Your instructions: Search the entries below for the word "Rustic" and copy every line where it appears.

─── Given records

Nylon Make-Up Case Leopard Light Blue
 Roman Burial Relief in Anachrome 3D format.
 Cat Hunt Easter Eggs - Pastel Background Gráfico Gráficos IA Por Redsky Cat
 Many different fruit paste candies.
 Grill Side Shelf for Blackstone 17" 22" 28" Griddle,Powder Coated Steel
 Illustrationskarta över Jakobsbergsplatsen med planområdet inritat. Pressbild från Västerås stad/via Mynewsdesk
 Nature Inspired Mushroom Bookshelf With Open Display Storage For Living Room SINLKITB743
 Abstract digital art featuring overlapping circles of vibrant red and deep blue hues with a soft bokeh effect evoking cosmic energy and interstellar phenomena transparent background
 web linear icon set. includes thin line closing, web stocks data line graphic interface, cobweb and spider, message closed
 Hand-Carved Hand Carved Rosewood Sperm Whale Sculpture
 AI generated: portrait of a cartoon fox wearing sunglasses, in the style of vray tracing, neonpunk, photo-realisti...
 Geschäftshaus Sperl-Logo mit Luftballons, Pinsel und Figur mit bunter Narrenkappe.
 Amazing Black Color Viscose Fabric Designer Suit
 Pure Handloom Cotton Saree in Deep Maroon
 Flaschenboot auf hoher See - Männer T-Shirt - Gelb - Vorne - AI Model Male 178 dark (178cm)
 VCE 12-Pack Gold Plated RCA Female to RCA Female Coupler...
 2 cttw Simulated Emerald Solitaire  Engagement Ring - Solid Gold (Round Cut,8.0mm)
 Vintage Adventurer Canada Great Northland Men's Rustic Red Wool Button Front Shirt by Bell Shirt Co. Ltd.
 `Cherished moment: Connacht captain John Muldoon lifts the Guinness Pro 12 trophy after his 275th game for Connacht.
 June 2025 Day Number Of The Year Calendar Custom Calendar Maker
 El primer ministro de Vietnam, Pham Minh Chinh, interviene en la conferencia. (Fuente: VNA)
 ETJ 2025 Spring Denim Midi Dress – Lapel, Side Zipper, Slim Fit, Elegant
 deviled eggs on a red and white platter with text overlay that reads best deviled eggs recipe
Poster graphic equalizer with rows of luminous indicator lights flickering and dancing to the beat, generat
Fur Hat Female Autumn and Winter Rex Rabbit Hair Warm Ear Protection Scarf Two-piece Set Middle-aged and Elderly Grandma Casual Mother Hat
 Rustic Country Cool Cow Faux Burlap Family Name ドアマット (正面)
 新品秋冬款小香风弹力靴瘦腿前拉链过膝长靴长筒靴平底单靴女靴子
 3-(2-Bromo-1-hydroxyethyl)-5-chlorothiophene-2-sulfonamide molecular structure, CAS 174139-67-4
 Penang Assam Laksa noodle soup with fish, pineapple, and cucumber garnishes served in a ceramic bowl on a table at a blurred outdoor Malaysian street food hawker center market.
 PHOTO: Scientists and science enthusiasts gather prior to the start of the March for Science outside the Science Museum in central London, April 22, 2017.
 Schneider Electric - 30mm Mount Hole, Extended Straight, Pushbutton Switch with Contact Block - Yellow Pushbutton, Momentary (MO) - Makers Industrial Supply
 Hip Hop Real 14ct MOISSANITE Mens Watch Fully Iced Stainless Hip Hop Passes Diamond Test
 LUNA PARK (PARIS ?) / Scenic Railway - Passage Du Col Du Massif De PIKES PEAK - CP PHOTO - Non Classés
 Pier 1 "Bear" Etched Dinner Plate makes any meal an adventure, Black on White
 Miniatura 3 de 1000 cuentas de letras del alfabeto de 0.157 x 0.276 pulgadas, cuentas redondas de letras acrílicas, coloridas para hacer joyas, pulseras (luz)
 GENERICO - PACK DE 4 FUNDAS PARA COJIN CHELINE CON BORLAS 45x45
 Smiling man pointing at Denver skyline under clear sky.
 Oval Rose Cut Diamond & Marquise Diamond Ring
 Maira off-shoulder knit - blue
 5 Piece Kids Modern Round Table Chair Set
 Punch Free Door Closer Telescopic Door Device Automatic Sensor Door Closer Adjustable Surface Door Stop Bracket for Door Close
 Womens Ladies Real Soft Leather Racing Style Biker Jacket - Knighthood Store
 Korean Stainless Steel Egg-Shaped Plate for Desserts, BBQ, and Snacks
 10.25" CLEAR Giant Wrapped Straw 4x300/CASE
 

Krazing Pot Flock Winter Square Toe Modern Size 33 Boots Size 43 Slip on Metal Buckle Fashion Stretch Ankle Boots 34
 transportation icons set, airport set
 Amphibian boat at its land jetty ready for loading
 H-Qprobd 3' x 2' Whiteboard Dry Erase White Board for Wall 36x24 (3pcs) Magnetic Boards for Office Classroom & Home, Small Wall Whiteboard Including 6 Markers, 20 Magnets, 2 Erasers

──────

Task response:
 Vintage Adventurer Canada Great Northland Men's Rustic Red Wool Button Front Shirt by Bell Shirt Co. Ltd.
 Rustic Country Cool Cow Faux Burlap Family Name ドアマット (正面)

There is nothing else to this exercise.